Task details: Starting with the line that holds "Vaclovo Šiugždinio sąsiuvinis" and stopping after the line that holds "Das Foto von", repeat the lines below word for word, without the pictures.

The data:
== == ==
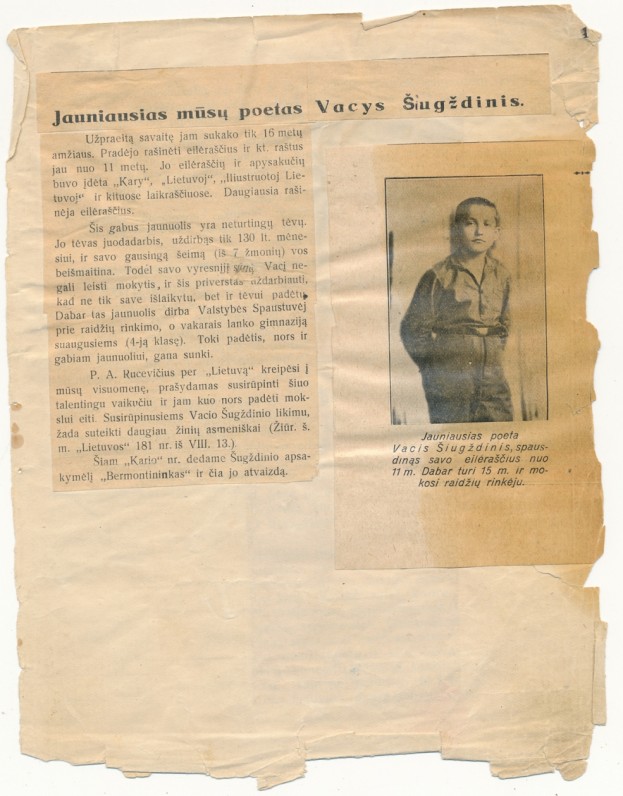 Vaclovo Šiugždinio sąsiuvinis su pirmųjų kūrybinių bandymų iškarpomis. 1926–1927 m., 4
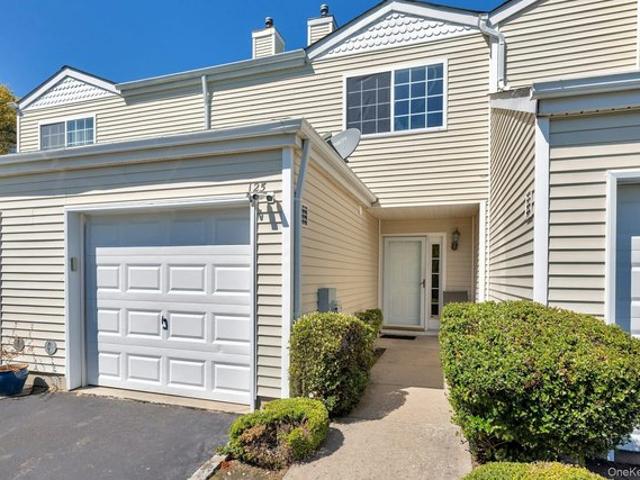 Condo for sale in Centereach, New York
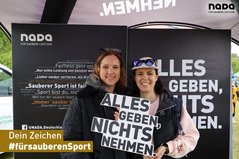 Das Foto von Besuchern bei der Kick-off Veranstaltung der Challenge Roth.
== == ==
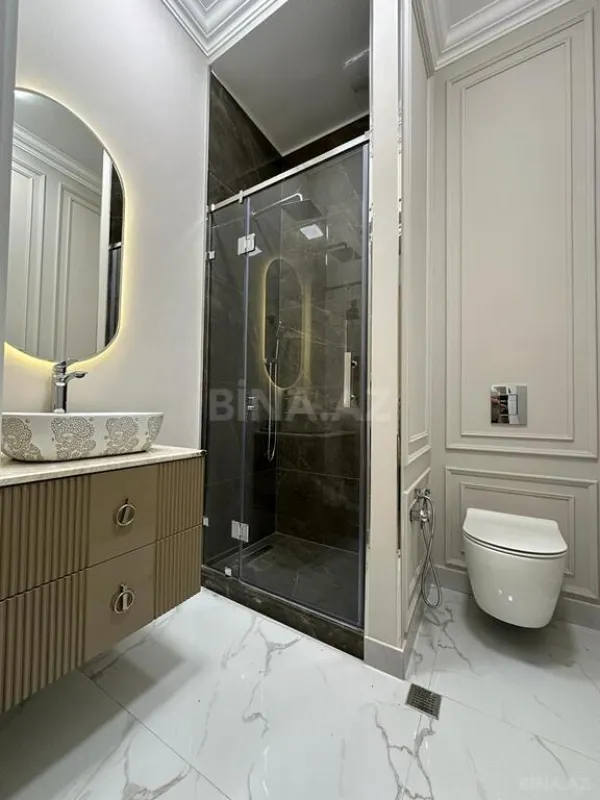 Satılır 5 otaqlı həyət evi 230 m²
== == ==
Response to the task:
 Vaclovo Šiugždinio sąsiuvinis su pirmųjų kūrybinių bandymų iškarpomis. 1926–1927 m., 4
 Condo for sale in Centereach, New York
 Das Foto von Besuchern bei der Kick-off Veranstaltung der Challenge Roth.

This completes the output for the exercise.